Summary of the Transaction

The Agreement contemplates that Troon shareholders will receive 0.69 of a common share and 0.34 of a transferable share purchase warrant (the "Troon Warrants") of the Resulting Issuer for each common share that they own of Troon. Each whole warrant will be exercisable into common shares of the Resulting Issuer at an exercise price of $0.42 per common share for a period of 24 months. The Resulting Issuer will apply to have the warrants listed on the TSX Venture Exchange (the "Exchange"). Grenville shareholders will receive one (1.0) common share of the Resulting Issuer in consideration for each common share of Grenville held by them.

All outstanding stock options of Troon (880,000) will be exchanged for stock options of the Resulting Issuer based on the exchange ratio described above. Each Troon option holder will also receive an additional stock option exercisable for a period of two (2) years at an exercise price of $0.42 per common share in order to reflect similar terms for optionees as are being offered to Troon shareholders through the Troon Warrants. Grenville currently has 357,143 stock options outstanding at a price of $0.028 per share, all of which will be exchanged for stock options of the Resulting Issuer at the same price and on the same terms as the outstanding Grenville stock options. Upon completion of the Transaction, the Resulting Issuer will have 39,288,274 common shares issued and outstanding (50,225,392 common shares on a fully diluted basis).

Troon had approximately $7.5 million in cash as at September 30, which will be combined with Grenville's $3.0 million in investments and cash on closing. No additional financing is currently required or contemplated in connection with the Transaction.

On closing of the Transaction, the board of directors of the Resulting Issuer will be comprised of Steven Parry, who will also act as Chairman, William R. Tharp, who will also act as Chief Executive Officer, Paul De Luca, Catherine McLeod-Seltzer and Andrea Zaradic, (both Ms. McLeod-Seltzer and Ms. Zaradic will remain as Troon's representatives on the board). See below for full details on the directors and management.

The closing of the Transaction is subject to various conditions, including completion of due diligence, the parties entering into a definitive agreement, obtaining the approval of the shareholders of Troon and Grenville, and obtaining all required regulatory and stock exchange approvals.

A management information circular and proxy materials in respect of the Transaction will be prepared, sent to Troon shareholders and filed in accordance with Exchange policies on SEDAR at www.sedar.com. A press release will be issued by Troon once the information circular is filed.

Information on Grenville Strategic Royalty Corp.

Grenville is a private, Toronto-based company that was formed by William Tharp and Steven Parry to purchase royalties in the revenue stream generated by growing industrial and technology businesses. Grenville has identified a large and underserviced finance market for companies generating between $10 and $50 million in revenue, many of which are well managed and generating improving cash flow, but face difficult financing hurdles from traditional debt and equity markets.

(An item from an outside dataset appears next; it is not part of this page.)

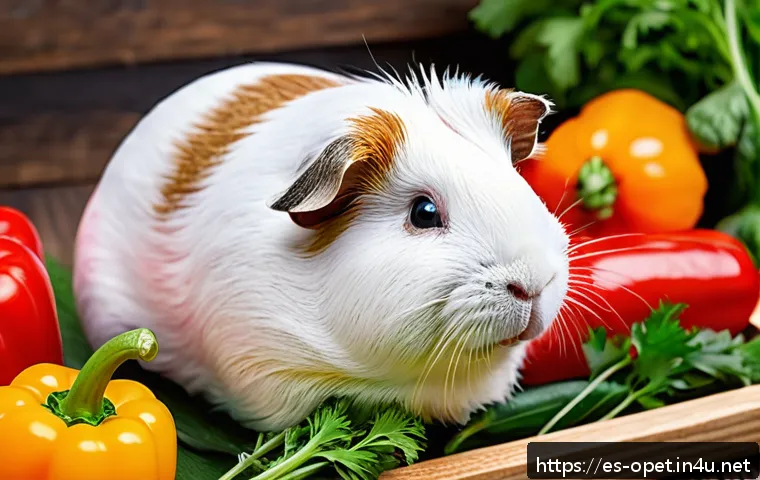 기니피그 간식 추천 - A cozy indoor scene featuring a healthy guinea pig nibbling on a colorful fresh vegetable platter in...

The royalty financing structure offered by Grenville can bridge the financing needs of these companies until traditional debt and equity is available to them on more attractive commercial terms. In some cases the Grenville royalty may act as a lead order in combination with other forms of financing. Grenville's royalty financing structure is non- dilutive and better aligned with management in terms of growth, a model that has proven to be very successful in the mining industry and which Troon's management and board is very experienced.

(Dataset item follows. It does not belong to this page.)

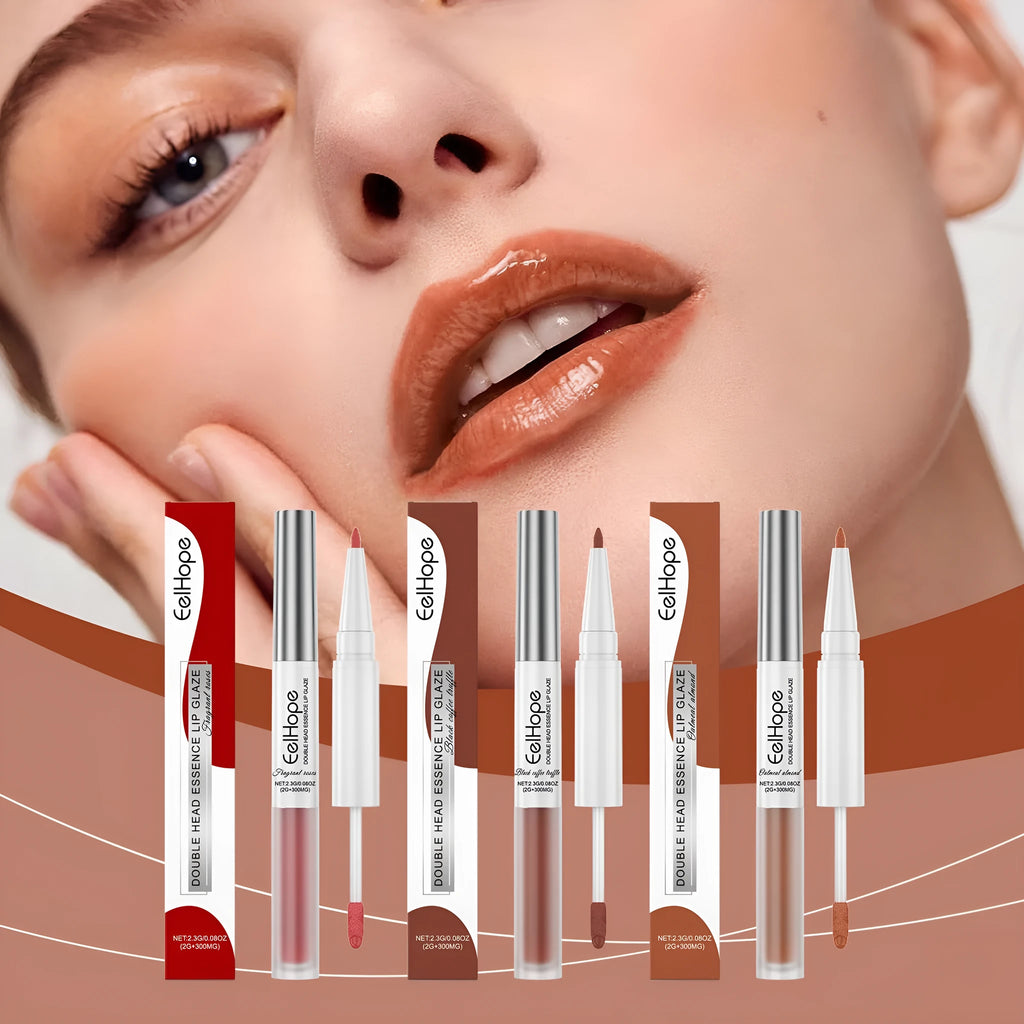 Double-headed lip liner and lip lacquer pen makeup product in matte finish.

Since its formation, Grenville has implemented its business plan by raising in excess of $3 million and completing a number of royalty transactions. Grenville has also identified and advanced discussions on a number of royalty opportunities that it intends to advance on completion of the Transaction, subject to completion of due diligence and successful negotiation of terms. Grenville is currently preparing audited financial statements to be included in Troon's information circular.

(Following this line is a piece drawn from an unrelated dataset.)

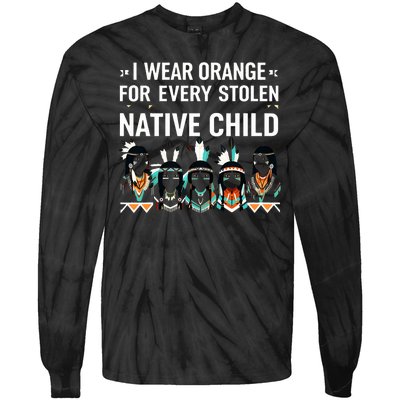 I Wear Orange For Every American Native Child Indian Pride Tie-Dye Long Sleeve Shirt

For more information about Grenville, visit www.grenvillestrategicresources.com.

Proposed Board of Directors and Management

The following are brief descriptions of the proposed directors and officers upon completion of the Transaction:

Steve Parry, Chairman

Mr. Parry has most recently served as Managing Director at NGEN Partners, one of the eight original cleantech funds in the US (founded in 2001). At NGEN, Mr. Parry assisted in raising over $500 million over three funds and acted as lead investor in highly ranked companies in renewables, powertech, pollution abatement, water and energy efficiency. Notable investments include DIRRT Environmental (Chairman) and Fallbrook Technologies (Lead Director). Mr. Parry has developed comprehensive experience as a manager, developer and mentor of deal generation teams in both operational and finance organizations. Prior to his career in venture capital, Mr. Parry spent over twenty years as a professional in the resource industry, including engagement as manager for the BHP Billiton junior exploration investment program and CEO/President of two Canadian public companies. He is a recipient of the Canada 125 Medal for his activist work on behalf of Canadian resource communities. Mr. Parry is a dual US-Canadian citizen with a long history of trans-border value creation. Mr. Parry will not receive a salary until the Company is sufficiently capitalized and has agreed to lock up his stock position (which is held through a trust) for a period of five years, subject to the discretion of the Company's underwriters or placement agents.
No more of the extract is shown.